Embedded in this corollary is sufficient confidence required to make acquisition decisions involving digital products, including new ones. Buying one’s first or second PC required significant research and courage, not just a great deal of money; far less so one’s first laptop. Then, or as a few years earlier (i.e., 1970s), moving from a desktop electronic calculator to a hand-held H-P digital calculator had the same effect. When the old H-P died, acquiring its replacement was hardly a conscious decision, it happened quickly. It helped that the consumer knew that before buying the replacement it would be far less expensive than the original H-P, unless H-P had added functions to newer models. People knew what any calculator could do and more-or-less how to use them. This same representative consumer took less time to decide to acquire a digital camera than their original 35-mm film one, and in the process enjoyed a bargain and far more functionality, even if the base camera cost the same as their original film camera. When flip phones first appeared, which consumers viewed as another advanced electronics product, with digital photography already part of their experience with other digital products, again the decision came quicker, and even faster with smartphones a half decade later, which included digital photography. Consumers became increasingly confident that they knew what they were doing, that risks of mistakes diminished in buying decisions, and that costs were manageable. In each instance, expectations were subconsciously set and met.

Underlying all this behavior was a growing body of experience, of tacit knowledge about digital consumer goods acquired over decades. A new generation of economists, psychologists, and marketing experts recognized the power of knowledge tied to social values and attractions in influencing decisions. While they still segmented users into such groups as experts, early adopters and laggards, users behaved essentially the same way. Acceptance had to “fit” prior experience and perceptions.

How Could Moore’s Law Be Leveraged Through Historical Perspective?

One can envision the hypothesis—research agenda—as a test to explore several issues. First, an attitude to embrace originates from taking the perspective of the consumer. Second, there have been so many consumer electronics introduced in the past half-century for which case studies are needed, almost on an item-by-item basis, such as about those in Table 1, to understand how each was acquired and used. Increasing our understanding of specific experiences with each test whether people were influenced by their prior experiences with others. That requires case studies.

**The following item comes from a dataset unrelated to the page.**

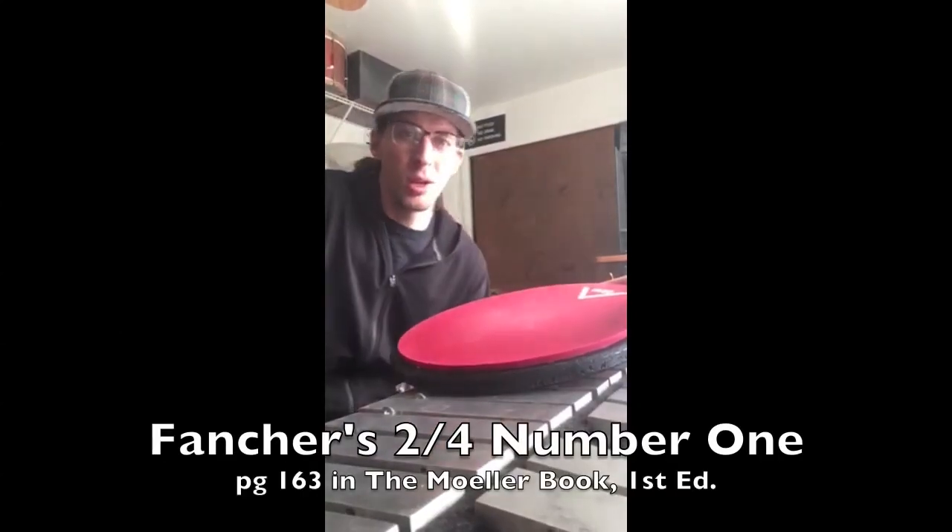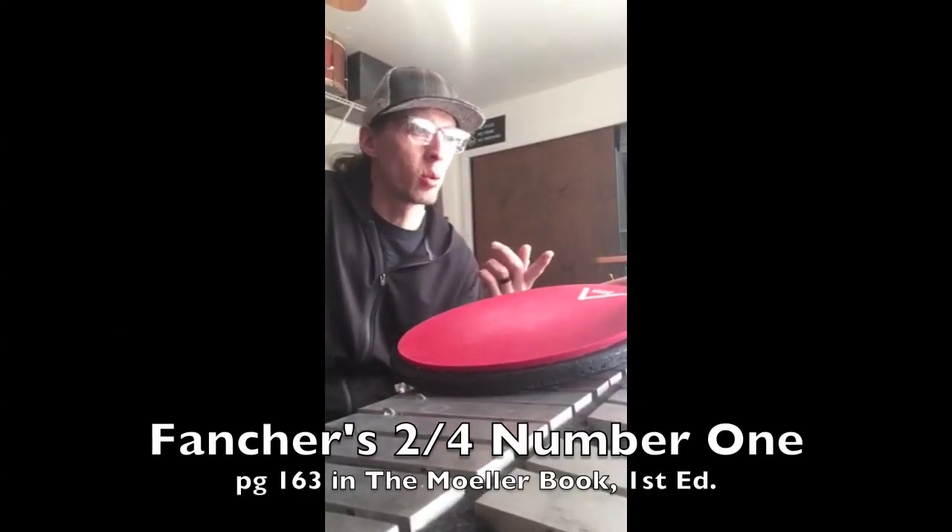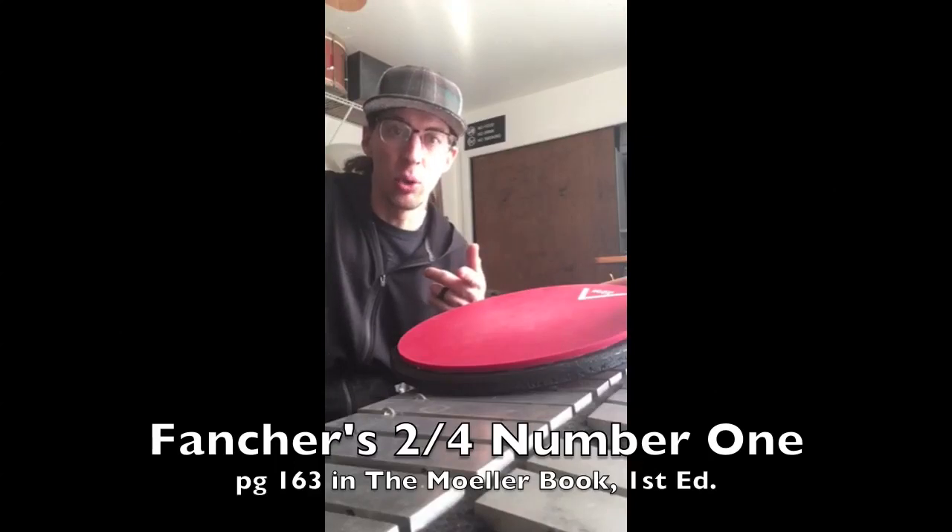Hey guys, quick video today. I'm just going to play Fancher's 2-4 number one from the original first edition Molar book. Check it out.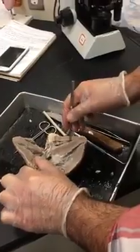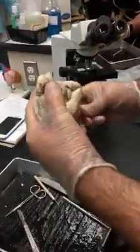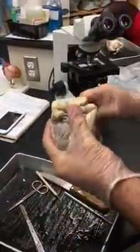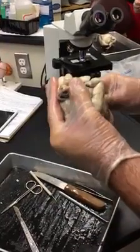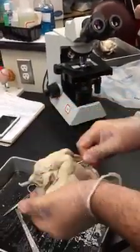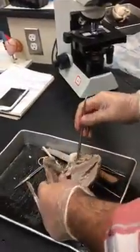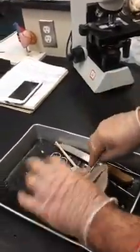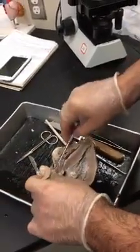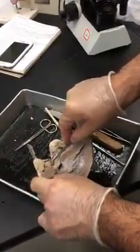The right ventricle — if I go through it, I should end up in the pulmonary trunk or the pulmonary artery. Above it we have the tricuspid valve; these are the flaps of the tricuspid valve.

As case studies are prepared, what kind of Moore’s Law-centric questions might one ask? Some of the most obvious include for each device or software the following:

• In what order did a consumer or group of consumers acquire new electronic devices and software? This is a question of chronology to establish the order of decision-making.
• Why was the new device acquired? Was it a new version or software release or an entirely new class of products (e.g., tablets, not a flip phone)? This gets to the issue of path dependency, because historians know that it occurs at the individual level, not just in corporate or governmental decision-making, yet we do not know if it crosses product lines.
• What role did prior experience with digital devices have on the decision to acquire a new, or different class of products? Following from Moore’s Law should chip manufacturers’ learning of how to improve on earlier components through experience also apply to consumers? The answer is not certain, but important to study further.
• What effect did a consumer’s interaction with other users (not just advertising, marketing, and good sales personnel) have on their acquisition and subsequent experience with their acquisition? The hypothesis here is that social or professional networking is a critical element, a deep bow to pioneering scholars Cowan, Pinch, and others.
• Does a user’s familiarity with a specific type of digital product lead that individual to choose a higher price device? Is that applied knowledge or simply comfort, or are the two ideas one and the same?
• What role does platform tribalism play? Is this like bikers reinforcing each other to always ride a specific brand of motorcycles? Is such conformance limited to specific cohorts and age groups, such as teenagers who are notoriously famous for being loyal to what is fashionable at the moment?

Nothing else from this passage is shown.